It’s impossible to picture Steven Spielberg’s Bridge of Spies with anyone but Tom Hanks in the leading role. At a time when cynicism runs high, especially on the subject of our government, he manages to disarm us with his earnestness, becoming this generation’s equivalent of James Stewart in Mr. Smith Goes to Washington. Another actor could have played James Donovan, the real-life attorney who was given the unenviable task of defending a Russian spy at the height of the Cold War…but Hanks makes the character both credible and relatable as few others could.
That’s not to say that this is merely a star vehicle. The brilliant Mark Rylance plays the sardonic spy, Amy Ryan is Hanks’ wife, Alan Alda is his boss, Sebastian Koch is an elusive contact on the other side of the Berlin wall, and Austin Stowell plays the notorious American pilot Francis Gary Powers.
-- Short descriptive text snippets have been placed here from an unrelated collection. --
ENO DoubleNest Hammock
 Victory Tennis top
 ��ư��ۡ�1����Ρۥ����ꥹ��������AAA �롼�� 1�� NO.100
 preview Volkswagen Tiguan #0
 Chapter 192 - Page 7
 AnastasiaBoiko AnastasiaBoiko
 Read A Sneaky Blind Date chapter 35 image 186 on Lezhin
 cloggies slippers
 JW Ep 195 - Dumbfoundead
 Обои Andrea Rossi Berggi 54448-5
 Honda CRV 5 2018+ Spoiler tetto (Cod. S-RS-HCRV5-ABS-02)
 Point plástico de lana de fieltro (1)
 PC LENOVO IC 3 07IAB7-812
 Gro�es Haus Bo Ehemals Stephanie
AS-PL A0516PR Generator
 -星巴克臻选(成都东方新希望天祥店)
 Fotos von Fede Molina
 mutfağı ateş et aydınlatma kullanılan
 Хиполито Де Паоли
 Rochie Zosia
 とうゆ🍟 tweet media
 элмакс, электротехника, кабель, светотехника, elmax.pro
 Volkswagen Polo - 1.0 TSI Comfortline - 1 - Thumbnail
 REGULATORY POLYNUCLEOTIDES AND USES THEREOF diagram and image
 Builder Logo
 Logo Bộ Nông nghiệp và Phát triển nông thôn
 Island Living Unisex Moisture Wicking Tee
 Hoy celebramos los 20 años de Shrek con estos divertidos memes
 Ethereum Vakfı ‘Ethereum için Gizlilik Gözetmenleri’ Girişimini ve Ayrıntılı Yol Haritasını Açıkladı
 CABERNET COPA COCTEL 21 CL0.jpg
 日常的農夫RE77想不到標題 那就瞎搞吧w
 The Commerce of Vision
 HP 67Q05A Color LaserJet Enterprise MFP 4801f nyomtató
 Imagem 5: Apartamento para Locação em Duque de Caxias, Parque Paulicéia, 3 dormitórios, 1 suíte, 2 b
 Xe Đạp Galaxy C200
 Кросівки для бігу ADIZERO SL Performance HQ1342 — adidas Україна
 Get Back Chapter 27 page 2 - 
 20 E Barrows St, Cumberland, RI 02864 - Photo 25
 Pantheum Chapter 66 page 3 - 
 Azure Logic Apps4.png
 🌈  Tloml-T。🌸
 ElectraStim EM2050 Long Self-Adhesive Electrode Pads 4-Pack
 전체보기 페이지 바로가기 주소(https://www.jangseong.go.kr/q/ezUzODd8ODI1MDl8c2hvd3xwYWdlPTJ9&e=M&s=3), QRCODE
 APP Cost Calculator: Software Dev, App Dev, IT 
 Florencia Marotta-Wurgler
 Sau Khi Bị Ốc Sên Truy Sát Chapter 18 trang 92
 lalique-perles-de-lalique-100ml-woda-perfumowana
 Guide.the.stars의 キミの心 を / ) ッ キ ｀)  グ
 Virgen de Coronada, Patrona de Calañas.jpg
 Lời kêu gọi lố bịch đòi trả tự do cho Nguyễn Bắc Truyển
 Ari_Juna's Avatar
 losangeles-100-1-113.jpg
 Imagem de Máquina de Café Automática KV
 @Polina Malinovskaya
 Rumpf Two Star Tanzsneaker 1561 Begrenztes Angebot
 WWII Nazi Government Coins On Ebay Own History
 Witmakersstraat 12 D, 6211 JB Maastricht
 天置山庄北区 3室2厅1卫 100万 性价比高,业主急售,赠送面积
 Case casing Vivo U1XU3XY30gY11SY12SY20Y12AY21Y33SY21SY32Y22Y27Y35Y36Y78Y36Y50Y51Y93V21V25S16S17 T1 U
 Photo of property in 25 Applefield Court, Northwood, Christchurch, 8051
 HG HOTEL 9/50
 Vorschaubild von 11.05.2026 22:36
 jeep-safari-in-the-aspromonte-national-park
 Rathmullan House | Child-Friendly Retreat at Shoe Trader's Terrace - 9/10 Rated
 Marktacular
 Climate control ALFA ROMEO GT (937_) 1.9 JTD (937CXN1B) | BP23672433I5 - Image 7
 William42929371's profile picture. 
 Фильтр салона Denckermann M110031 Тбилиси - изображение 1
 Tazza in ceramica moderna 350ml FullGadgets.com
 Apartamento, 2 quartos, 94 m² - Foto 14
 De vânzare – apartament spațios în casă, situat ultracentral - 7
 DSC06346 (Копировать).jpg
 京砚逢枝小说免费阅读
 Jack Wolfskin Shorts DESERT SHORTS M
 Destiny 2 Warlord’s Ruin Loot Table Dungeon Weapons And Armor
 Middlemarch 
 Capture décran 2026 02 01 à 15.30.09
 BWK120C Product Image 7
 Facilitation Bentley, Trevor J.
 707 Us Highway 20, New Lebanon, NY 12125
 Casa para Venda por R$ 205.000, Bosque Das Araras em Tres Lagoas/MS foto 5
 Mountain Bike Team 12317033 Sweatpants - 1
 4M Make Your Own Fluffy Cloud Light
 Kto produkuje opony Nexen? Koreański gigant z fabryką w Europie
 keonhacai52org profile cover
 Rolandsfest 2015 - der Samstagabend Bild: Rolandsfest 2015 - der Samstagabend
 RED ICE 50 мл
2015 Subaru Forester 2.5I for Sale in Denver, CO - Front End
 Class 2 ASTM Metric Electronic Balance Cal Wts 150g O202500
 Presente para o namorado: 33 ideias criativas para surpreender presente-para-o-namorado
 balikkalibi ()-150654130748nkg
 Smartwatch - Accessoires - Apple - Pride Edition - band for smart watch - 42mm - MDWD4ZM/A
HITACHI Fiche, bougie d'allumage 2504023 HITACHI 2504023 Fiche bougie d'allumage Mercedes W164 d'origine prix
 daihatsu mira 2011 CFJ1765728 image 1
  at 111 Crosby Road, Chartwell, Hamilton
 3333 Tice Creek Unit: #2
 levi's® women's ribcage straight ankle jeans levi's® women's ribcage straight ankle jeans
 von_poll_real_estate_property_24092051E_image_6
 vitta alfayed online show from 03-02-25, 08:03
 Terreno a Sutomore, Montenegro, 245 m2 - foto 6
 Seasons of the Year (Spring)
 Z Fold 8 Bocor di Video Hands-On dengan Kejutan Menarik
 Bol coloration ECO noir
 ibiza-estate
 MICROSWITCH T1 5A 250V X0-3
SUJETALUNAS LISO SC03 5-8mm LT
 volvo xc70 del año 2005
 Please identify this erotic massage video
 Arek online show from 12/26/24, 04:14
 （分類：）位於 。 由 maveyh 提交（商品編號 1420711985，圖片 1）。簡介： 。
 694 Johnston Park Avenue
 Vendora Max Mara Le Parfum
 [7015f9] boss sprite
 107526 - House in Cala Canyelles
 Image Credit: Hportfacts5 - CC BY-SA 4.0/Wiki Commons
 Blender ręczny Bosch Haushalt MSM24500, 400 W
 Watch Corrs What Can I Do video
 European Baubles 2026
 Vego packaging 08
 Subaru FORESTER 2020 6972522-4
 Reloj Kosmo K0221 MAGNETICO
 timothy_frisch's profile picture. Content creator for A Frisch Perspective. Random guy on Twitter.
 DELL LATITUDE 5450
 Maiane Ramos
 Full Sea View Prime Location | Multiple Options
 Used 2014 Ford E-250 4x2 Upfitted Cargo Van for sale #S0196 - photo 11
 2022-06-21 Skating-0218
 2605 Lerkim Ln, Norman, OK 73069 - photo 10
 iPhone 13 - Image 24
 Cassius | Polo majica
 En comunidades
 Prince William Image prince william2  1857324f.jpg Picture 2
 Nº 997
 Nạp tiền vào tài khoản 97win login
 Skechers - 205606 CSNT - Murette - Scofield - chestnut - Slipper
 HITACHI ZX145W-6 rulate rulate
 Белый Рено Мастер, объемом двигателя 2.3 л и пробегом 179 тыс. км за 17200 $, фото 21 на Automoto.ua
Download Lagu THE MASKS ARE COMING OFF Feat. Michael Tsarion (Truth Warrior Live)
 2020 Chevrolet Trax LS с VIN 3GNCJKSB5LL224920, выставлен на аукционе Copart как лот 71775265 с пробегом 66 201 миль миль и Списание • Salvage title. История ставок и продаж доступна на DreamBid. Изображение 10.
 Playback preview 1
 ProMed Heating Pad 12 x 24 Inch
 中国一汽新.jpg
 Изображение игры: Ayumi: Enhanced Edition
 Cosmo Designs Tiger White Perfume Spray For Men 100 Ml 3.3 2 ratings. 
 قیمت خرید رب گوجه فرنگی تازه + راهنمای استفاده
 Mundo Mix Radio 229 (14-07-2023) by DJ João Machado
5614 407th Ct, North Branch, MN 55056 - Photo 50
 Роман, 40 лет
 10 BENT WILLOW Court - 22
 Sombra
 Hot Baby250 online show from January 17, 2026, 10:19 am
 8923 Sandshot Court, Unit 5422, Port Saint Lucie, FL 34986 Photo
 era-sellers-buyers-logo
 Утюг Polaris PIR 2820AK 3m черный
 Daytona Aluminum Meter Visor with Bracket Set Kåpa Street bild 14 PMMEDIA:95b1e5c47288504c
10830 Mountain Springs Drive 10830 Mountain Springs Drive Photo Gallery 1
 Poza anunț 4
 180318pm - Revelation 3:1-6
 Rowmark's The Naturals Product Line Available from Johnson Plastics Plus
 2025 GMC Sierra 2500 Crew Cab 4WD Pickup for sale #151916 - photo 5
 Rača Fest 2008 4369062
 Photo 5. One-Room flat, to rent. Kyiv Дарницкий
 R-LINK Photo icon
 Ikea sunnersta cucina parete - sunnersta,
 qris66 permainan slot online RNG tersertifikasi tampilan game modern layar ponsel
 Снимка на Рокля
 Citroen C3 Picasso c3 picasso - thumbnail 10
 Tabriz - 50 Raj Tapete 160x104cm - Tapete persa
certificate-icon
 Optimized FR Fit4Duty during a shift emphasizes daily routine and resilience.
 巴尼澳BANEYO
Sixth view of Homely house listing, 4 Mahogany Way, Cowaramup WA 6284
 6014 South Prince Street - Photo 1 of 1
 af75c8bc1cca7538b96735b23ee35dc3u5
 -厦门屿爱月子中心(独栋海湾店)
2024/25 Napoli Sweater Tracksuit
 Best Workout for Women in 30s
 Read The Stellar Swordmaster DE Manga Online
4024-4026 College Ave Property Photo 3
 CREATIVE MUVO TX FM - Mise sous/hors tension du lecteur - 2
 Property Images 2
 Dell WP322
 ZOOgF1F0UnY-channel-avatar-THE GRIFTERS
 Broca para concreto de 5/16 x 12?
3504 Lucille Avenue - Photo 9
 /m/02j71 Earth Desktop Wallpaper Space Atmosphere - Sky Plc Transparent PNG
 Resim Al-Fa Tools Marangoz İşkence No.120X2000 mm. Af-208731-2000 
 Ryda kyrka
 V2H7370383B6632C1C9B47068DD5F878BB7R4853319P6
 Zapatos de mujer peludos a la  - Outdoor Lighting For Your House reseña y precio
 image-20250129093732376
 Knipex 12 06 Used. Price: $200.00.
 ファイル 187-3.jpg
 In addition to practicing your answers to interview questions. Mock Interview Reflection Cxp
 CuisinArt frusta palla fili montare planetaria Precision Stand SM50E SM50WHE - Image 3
Working from a screenplay credited to Matt Charman, Ethan and Joel Coen, Spielberg recreates a time and place that moviegoers under a certain age didn’t experience, when the threat of nuclear war was tangible and schoolchildren were shown informational films like Duck and Cover. (Like most kids of my generation, I actually believed that if I crouched under my desk and turned my back to the schoolroom windows I would be spared the devastating effects of an atomic bomb.)
The film opens in 1957. James Donovan is an insurance lawyer who is recruited to serve his country by defending a high-profile prisoner and giving him his right to due process. After all, that’s the American way. This high-minded attitude isn’t shared by members of the public or the press, who see Rudolf Abel (Rylance) as an out-and-out villain: a dangerous Russian spy who should be put to death. Donovan convinces a stubborn judge to spare him with the argument that he might be useful if there were ever the need to swap for an American agent captured by our enemies. Little does he dream that this will come to pass so soon, or that he will be called upon to negotiate the trade-off.
Yet in spite of an inherently suspenseful finale, Bridge of Spies lacks the excitement this real-life story would seem to demand. Having approached the material in a methodical manner, Spielberg wraps up his movie in a quiet fashion, subduing the emotional crescendo one might anticipate from a film about one of the most sensational, headline-making events of the 20thcentury. I’m sure this, like everything the filmmaker does, was deliberate, illustrating that a modest hero like James Donovan wouldn’t seek glory or undue attention. But the result, for me, is a restrained reaction to a fascinating story. What I carry with me is boundless admiration for Tom Hanks, who makes the movie a must-see.